1.set constraints of master and slave tables to no validate (disable constraints).
2.create empty clone non partitioned tables with relevant indexes in place.
3.set constraints of clone tables to a non validate state (disable constraints)
4. exchange each child partition with empty clone table including indexes but without validation
5.exchange parent partition with corresponding empty clone table.

-- disable constraints of partitioned tables
alter table CHILD_TABLE disable constraint Child_Fk;
alter table PARENT_TABLE disable constraint Parent_Pk;

-- create empty clone non partitioned tables
create table PARENT_TABLE_CLONE as select * from PARENT_TABLE where 1 = 2;
create table CHILD_TABLE_CLONE as select * from CHILD_TABLE where 1 = 2;

-- create indexes and constraints of empty clone non partitioned tables
ALTER TABLE CHILD_TABLE_CLONE ADD (
CONSTRAINT CHILD_FK_01_clone FOREIGN KEY (mast_ide, mast_dat_part)
REFERENCES PARENT_TABLE_CLONE (IDE,DAT_PART));

CREATE UNIQUE INDEX PK_MAST_CLONE ON PARENT_TABLE_CLONE
(IDE, DAT_PART);

ALTER TABLE PARENT_TABLE_CLONE ADD (
CONSTRAINT PK_MAST_CLONE PRIMARY KEY (IDE, DAT_PART)
);

-- disable constraints of empty clone non partitioned tables
ALTER TABLE CHILD_TABLE_CLONE disable constraint CHILD_FK_01_clone;
ALTER TABLE PARENT_TABLE_CLONE disable constraint PK_MAST_CLONE;


-- Exchange the partition with the empty clone tables starting by child ones
ALTER TABLE CHILD_TABLE
EXCHANGE PARTITION P_CHLD_20050331
WITH TABLE CHILD_TABLE_CLONE
INCLUDING INDEXES
WITHOUT VALIDATION

-- Exchange the partition of the master table
ALTER TABLE PARENT_TABLE
EXCHANGE PARTITION P_MAST_20050331
WITH TABLE PARENT_TABLE_CLONE
INCLUDING INDEXES
WITHOUT VALIDATION



Tom Kyte
March 24, 2006 - 10:46 am UTC

what was terribly difficult.

It was asked "how to", this is "how to" (one way anyway)

Mohamed from France

A reader, March 24, 2006 - 11:04 am UTC

Because if you do not follow the indicated order you will get the following error

ORA-14097: column type or size mismatch in ALTER TABLE EXCHANGE PARTITION

Even if your tables to be exchanged are exactly the same.

Kind Regards

Tom Kyte
March 24, 2006 - 3:27 pm UTC

I'm still not getting it, you have to execute commands in the correct order? so?
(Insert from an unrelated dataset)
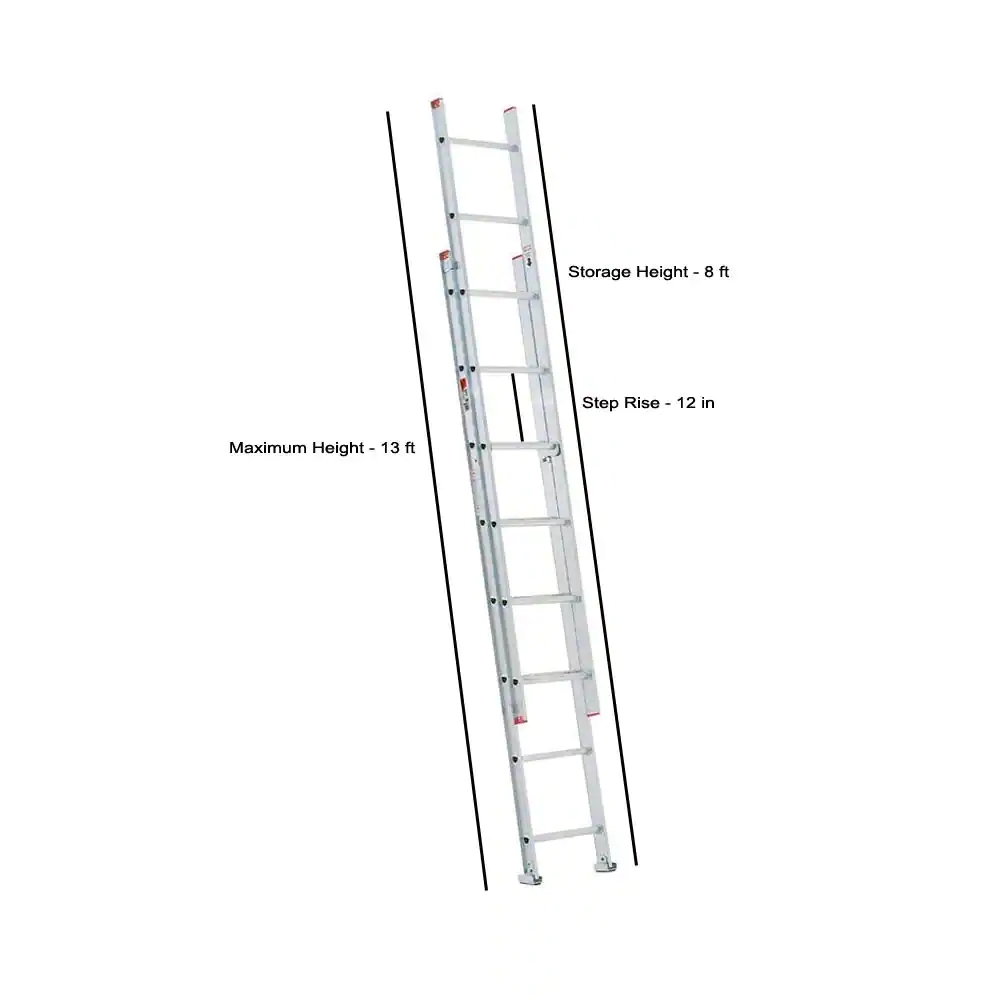 16 ft. Aluminum DRung Extension Ladder with 200 lb. Load Capacity Type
Murali, March 29, 2006 - 1:16 am UTC

Tom:

If my current table is not partitioned but My table T1 have 20 millions.

What is the best method to transfer data from NON_PARTITIONED TABLE TO PARTITIONED TABLE . ( both partitioned and nonpartitioned tables have same columns names and same datatypes)

CAN I use Alter EXCHANGE PARTITION to transfer my data into partitioned table?

or insert /*+ append */ into partitioined_table select * from non_partitioned table?

Which one is the best

Tom Kyte
March 29, 2006 - 7:12 am UTC

"best" always depends on "need"

If there were a BEST way in all cases, we would not have wasted our developers cycles giving you more than one.


IF downtime is permitted
then
stop modifications to non-partitioned
create table partitioned as select from non-partitioned
index partitioned
grant on it
constrain it
drop non-partitioned
rename partitioned
else
dbms_redefinition with the same steps as before except for the last two
dbms_redefinition finish redef to replace last two
end if


would be the two primary paths to consider.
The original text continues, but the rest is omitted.